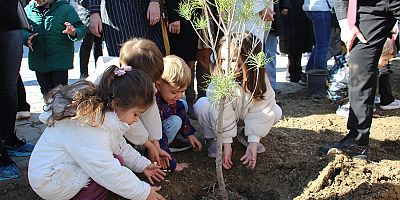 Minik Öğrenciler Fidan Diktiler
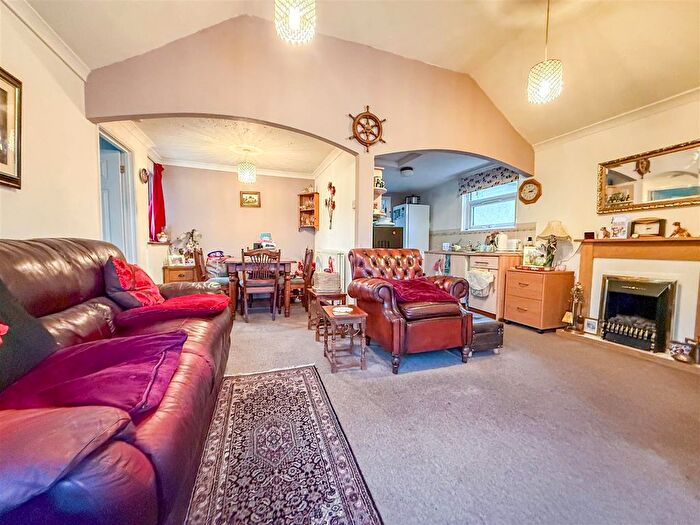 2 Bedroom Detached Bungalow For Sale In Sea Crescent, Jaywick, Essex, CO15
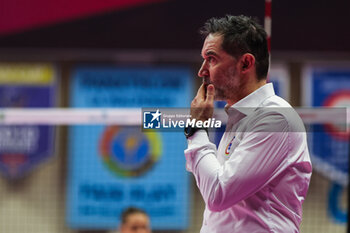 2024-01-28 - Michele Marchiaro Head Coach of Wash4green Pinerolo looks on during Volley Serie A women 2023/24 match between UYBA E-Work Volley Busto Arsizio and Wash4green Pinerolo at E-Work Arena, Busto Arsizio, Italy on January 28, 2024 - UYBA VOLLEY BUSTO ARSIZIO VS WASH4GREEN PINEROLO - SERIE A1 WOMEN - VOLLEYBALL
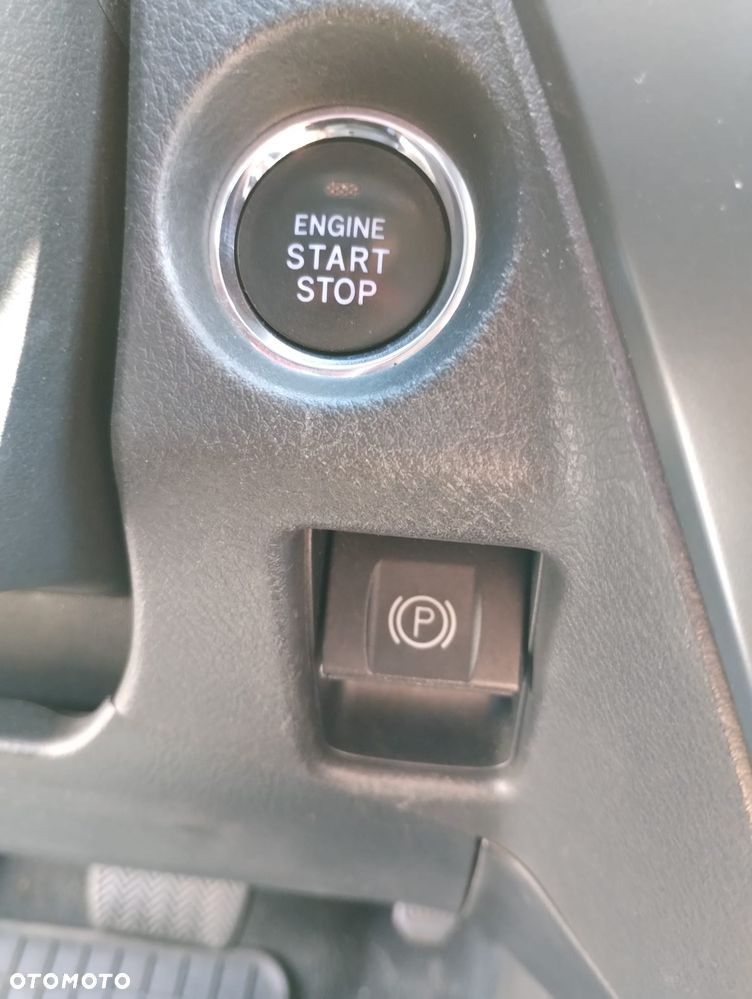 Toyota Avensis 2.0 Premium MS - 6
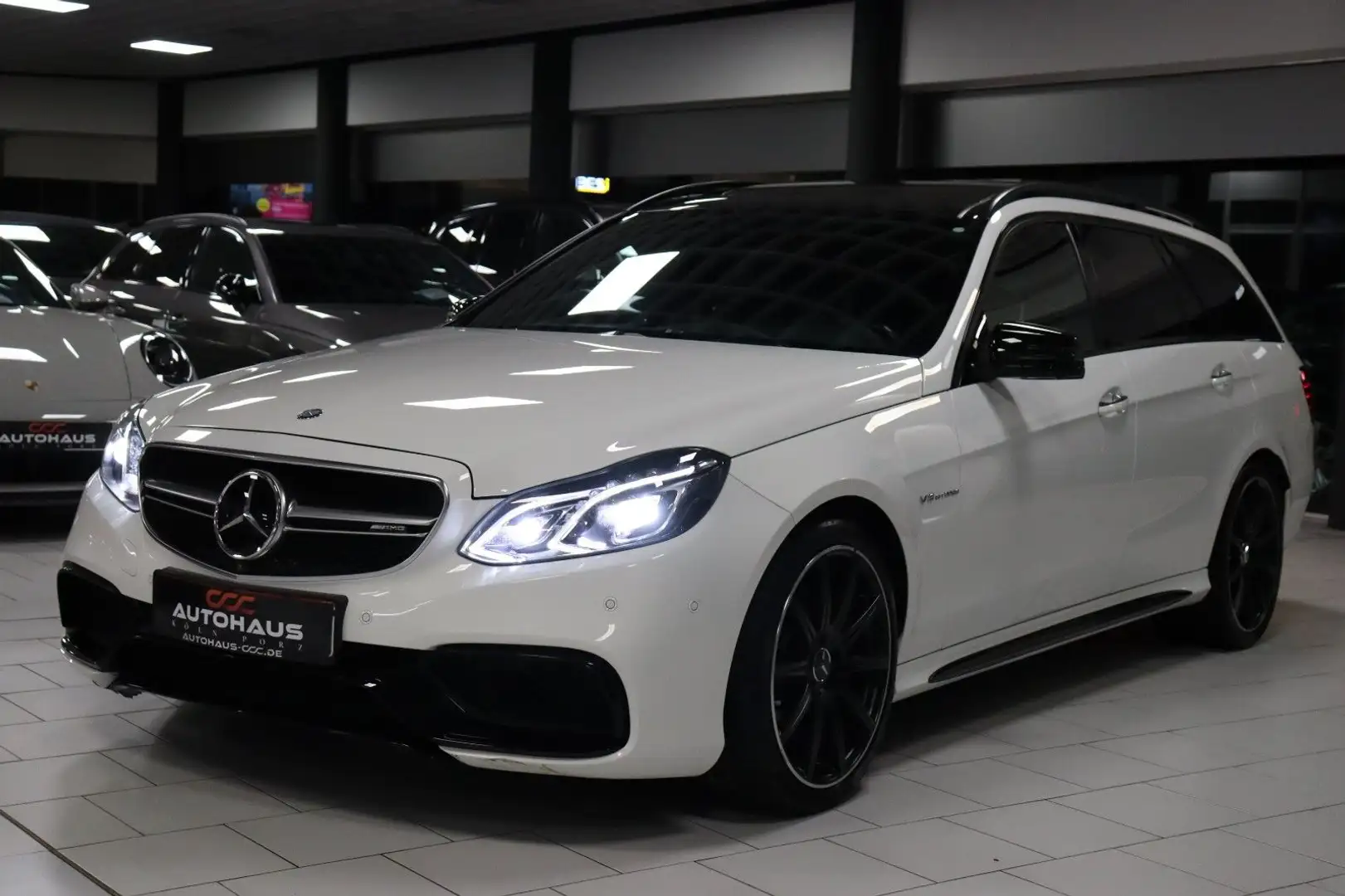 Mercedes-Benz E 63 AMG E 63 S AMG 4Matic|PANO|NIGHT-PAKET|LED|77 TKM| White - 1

PROBLEM DETAILS
Transcribe the records in full and exactly. Pictures stay out.

EXPECTED OUTPUT
 Minik Öğrenciler Fidan Diktiler
 2 Bedroom Detached Bungalow For Sale In Sea Crescent, Jaywick, Essex, CO15
 2024-01-28 - Michele Marchiaro Head Coach of Wash4green Pinerolo looks on during Volley Serie A women 2023/24 match between UYBA E-Work Volley Busto Arsizio and Wash4green Pinerolo at E-Work Arena, Busto Arsizio, Italy on January 28, 2024 - UYBA VOLLEY BUSTO ARSIZIO VS WASH4GREEN PINEROLO - SERIE A1 WOMEN - VOLLEYBALL
 Toyota Avensis 2.0 Premium MS - 6
 Mercedes-Benz E 63 AMG E 63 S AMG 4Matic|PANO|NIGHT-PAKET|LED|77 TKM| White - 1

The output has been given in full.